Why IBD Patients Are Petrified of the ER
I was at an event where a friend of mine who suffers from Crohn’s disease was having issues and really did belong inside of the hospital. He was a plane ride away from home (and of course, his medical team) and understandably scared. Many people tried to push him to go to the local emergency room but he resisted. Others even gave him the names of better ranked hospitals in the area that were more of a drive but would likely offer him better care. He still did not want to go.
I was speaking to someone who was so worried about our friend and couldn't believe he was resisting medical attention in the state he was in. She told me, "If I was him, I would just go to the ER, get pain medication and sleep."
That comment right there is how most people think of the emergency room or the hospital.
The emergency room is scary for someone with IBD
As a person who suffers from inflammatory bowel disease, I can tell you that the emergency room is one of the scariest places to be. There are so many reasons for this that I want to briefly go into.
The first being, because of the complex nature of inflammatory bowel disease, most emergency room doctors aren't very helpful. And even though many do understand IBD, they do not understand YOUR IBD. All of our stories and journeys with this illness are so different. For example, the medications we respond to, the type and amount of surgeries we have had, the extraintestinal manifestations of the disease that impact our individual bodies are just some of the things that need to be taken into account when a doctor is caring for you. We also know our bodies better than anyone which I think is a hard concept for a random doctor to grasp.
Going to the ER with an invisible illness
Secondly, going to the emergency room with any kind of invisible illness is frightening. There are some doctors who refuse pain medication because they cannot see anything wrong with you. Meanwhile, your insides are destroying you! So now you not only are dealing with the physical while in a very vulnerable position BUT you now have to prove to someone that you are legitimately in need of medical assistance and proper relief.
Also, many inflammatory bowel disease patients have been poked and prodded so many times that they have the tiniest veins. Or, veins that may look nice and juicy but roll. Those patients who have been on prednisone are also especially likely to have smaller veins.
Only people with Crohn's or UC really get it
The one decent experience I had in the ER was when I had a nurse with Crohn’s disease. It was taking a tremendous amount of sticks to get an IV in me so he went and grabbed a sonogram machine. He even made sure I had all of the pain medications I needed since he had been in a similar situation and knew how it felt. It was a breath of fresh air to not have to dumb myself down in order to not seem like I knew too much. (Enter red flag behavior.)
The high cost of emergency care
The emergency room also costs a ton of money. I know people shouldn’t be thinking about that when it comes to their health but chronic illness is expensive. It is difficult not to weigh the pros and cons of going to the emergency room when you are already in a pile of medical debt that is stressing you out.
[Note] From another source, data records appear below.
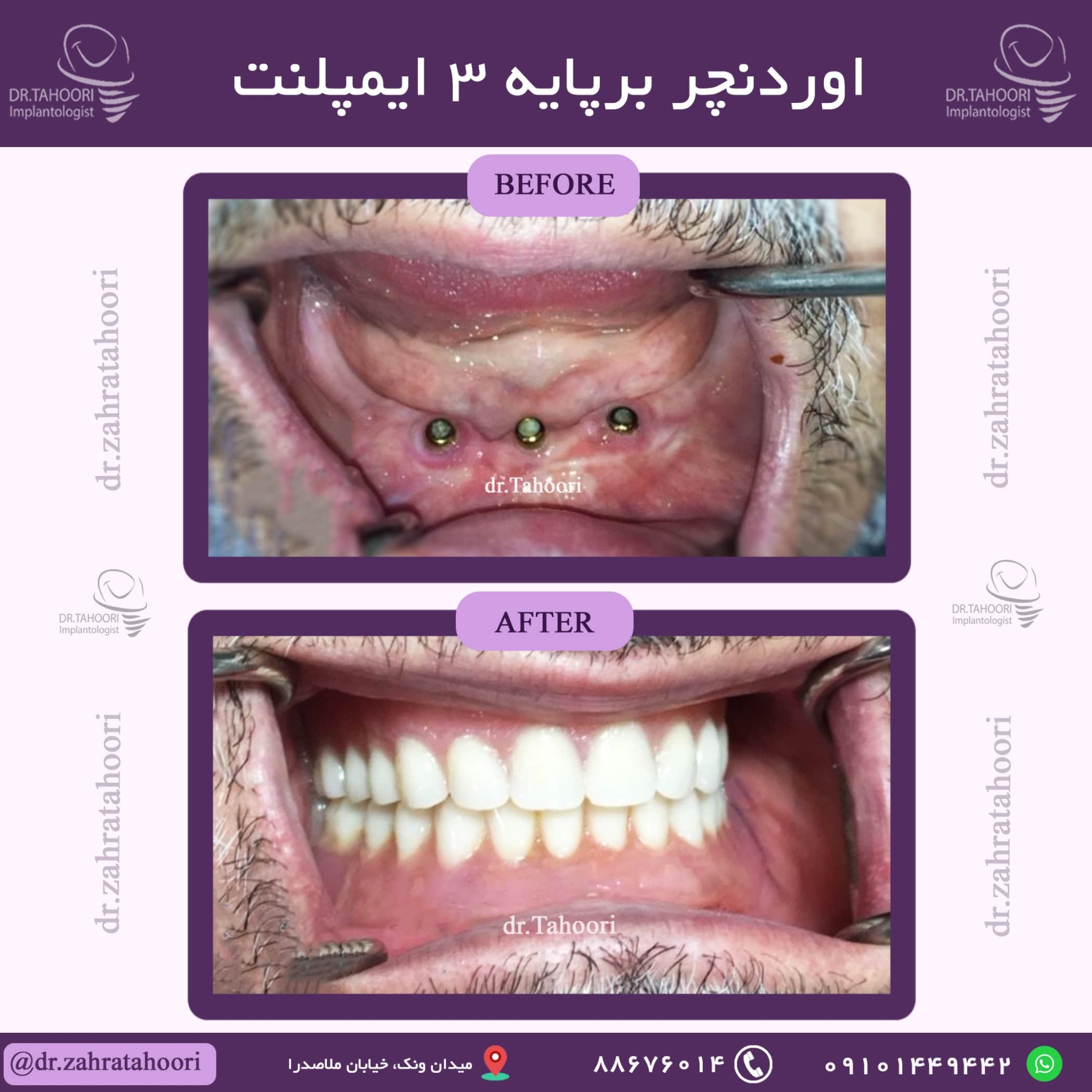 اوردنچر برپایه 3 ایمپلنت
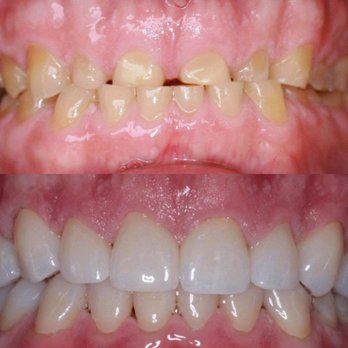 Adam Vaghari, DDS - Cosmetic Dentists Near Me - Laguna Niguel, California Adam Vaghari, DDS - Cosmetic Dentists Near Me - Laguna Niguel, California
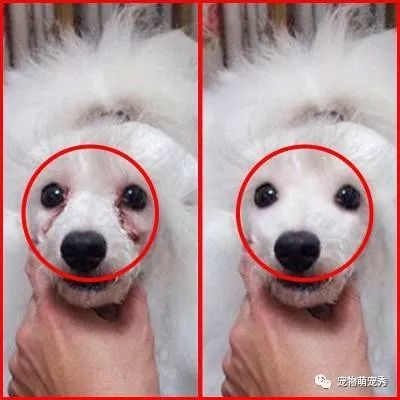 泪管堵塞怎么治疗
Lastly, being alone while in a crisis is hard enough but when your disease impacts your stomach (aka the center of your body,) it makes it that much more challenging. People are in such a vulnerable place and oftentimes it is difficult for people to let medical professionals know the complete picture of what is going on. Being overwhelmed can often make you sound incoherent or babbly which is the last thing doctors and nurses are looking for when trying to care for you.
I wish there were IBD-specific emergency rooms. I know that is a pipe dream but I just want most people in the medical field, as well as the general public, to really understand how difficult it is to bring yourself to the ER. It takes a tremendous amount of courage to admit you need help; especially when you can’t predict what you will be walking into when you go to the emergency room.